[Dataset excerpts]

----------------

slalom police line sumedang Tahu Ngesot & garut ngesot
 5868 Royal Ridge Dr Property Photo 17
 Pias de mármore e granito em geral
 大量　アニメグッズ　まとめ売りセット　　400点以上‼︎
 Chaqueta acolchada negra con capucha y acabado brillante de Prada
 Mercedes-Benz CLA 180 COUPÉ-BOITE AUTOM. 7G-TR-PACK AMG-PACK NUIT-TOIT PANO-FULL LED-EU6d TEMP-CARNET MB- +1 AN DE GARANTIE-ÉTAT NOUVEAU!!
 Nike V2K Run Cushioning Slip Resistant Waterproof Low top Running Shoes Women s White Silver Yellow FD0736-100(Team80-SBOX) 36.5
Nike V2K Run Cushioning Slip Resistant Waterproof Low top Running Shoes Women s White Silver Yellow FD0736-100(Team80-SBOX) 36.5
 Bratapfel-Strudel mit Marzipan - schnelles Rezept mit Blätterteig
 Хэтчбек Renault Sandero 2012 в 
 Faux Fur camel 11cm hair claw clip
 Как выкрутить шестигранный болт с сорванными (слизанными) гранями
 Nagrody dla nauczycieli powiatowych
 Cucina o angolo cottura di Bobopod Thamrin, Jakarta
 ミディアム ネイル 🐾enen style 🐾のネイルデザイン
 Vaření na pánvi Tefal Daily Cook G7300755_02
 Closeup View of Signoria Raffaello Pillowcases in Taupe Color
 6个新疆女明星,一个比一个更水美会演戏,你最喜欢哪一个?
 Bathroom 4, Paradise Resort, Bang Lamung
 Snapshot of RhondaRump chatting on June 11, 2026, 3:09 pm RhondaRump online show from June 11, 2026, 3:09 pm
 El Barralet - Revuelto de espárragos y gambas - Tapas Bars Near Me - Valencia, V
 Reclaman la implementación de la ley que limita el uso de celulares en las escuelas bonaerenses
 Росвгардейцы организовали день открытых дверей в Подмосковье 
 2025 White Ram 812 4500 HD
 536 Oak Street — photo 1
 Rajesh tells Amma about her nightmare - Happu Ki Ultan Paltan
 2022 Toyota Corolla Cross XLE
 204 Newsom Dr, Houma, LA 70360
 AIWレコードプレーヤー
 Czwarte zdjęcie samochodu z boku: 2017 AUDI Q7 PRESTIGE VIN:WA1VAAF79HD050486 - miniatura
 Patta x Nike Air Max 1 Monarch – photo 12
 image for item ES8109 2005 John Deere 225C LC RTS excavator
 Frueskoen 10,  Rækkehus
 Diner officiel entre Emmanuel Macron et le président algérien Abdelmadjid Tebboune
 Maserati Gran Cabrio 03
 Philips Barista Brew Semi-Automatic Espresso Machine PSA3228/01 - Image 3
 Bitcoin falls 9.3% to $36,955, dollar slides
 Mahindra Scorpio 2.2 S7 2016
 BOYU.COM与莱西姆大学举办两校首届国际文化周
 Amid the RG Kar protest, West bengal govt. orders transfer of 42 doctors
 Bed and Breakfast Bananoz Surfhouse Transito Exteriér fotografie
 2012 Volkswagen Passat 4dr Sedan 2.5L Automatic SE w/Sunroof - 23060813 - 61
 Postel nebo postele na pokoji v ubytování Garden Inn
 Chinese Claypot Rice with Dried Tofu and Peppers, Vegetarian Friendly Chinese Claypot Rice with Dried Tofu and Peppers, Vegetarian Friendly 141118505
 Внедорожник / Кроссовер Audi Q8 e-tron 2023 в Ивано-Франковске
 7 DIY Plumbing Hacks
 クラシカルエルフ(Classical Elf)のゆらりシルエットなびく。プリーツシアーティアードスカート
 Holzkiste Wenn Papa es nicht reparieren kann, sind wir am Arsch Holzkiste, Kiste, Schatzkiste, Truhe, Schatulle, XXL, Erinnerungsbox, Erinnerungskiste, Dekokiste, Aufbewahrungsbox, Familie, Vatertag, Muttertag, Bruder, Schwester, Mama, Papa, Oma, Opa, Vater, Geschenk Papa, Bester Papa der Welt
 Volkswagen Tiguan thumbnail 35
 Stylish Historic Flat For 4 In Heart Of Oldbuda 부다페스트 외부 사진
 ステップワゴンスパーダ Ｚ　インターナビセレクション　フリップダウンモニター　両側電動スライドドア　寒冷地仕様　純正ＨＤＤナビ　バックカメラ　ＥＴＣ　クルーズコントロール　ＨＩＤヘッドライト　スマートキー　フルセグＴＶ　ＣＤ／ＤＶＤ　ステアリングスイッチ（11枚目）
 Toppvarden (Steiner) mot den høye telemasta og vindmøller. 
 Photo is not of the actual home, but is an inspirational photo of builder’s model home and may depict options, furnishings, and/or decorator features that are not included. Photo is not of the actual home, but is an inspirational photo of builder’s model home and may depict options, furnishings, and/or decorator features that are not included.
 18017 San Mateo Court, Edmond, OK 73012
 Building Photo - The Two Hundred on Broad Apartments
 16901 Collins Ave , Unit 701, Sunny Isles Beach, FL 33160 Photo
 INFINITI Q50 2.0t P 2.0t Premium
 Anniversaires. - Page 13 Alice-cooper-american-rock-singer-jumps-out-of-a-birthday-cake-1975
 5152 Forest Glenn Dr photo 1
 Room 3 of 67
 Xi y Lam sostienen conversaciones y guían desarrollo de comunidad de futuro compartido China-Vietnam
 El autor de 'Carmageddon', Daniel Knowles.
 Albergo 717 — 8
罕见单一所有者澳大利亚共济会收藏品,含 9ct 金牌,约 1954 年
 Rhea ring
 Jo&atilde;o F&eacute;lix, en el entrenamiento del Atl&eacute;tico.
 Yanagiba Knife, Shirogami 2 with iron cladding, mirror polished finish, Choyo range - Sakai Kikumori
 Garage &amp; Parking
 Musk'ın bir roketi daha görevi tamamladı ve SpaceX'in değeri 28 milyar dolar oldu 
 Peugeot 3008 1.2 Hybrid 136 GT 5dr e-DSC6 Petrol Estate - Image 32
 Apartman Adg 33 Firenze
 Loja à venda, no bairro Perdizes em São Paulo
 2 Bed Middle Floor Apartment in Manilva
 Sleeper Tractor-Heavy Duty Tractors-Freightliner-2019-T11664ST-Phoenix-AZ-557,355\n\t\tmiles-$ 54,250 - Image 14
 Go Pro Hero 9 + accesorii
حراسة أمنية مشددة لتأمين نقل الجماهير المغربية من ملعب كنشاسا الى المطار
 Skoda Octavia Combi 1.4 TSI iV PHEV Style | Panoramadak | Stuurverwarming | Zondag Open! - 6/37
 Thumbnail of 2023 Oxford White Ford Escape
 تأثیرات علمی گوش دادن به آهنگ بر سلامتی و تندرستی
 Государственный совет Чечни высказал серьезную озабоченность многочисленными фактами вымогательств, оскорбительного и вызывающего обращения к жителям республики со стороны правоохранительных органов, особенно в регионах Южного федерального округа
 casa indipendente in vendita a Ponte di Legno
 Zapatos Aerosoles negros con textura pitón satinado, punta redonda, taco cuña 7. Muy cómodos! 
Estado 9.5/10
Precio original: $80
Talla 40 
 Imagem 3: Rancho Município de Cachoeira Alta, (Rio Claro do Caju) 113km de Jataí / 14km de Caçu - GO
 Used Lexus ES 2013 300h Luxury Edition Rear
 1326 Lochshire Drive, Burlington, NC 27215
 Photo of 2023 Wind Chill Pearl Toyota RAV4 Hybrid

----------------

YOUR GOAL:
What is needed is every line from the data above that includes the string "Women", copied out.

ANSWER TO THE PROBLEM:
 Nike V2K Run Cushioning Slip Resistant Waterproof Low top Running Shoes Women s White Silver Yellow FD0736-100(Team80-SBOX) 36.5
Nike V2K Run Cushioning Slip Resistant Waterproof Low top Running Shoes Women s White Silver Yellow FD0736-100(Team80-SBOX) 36.5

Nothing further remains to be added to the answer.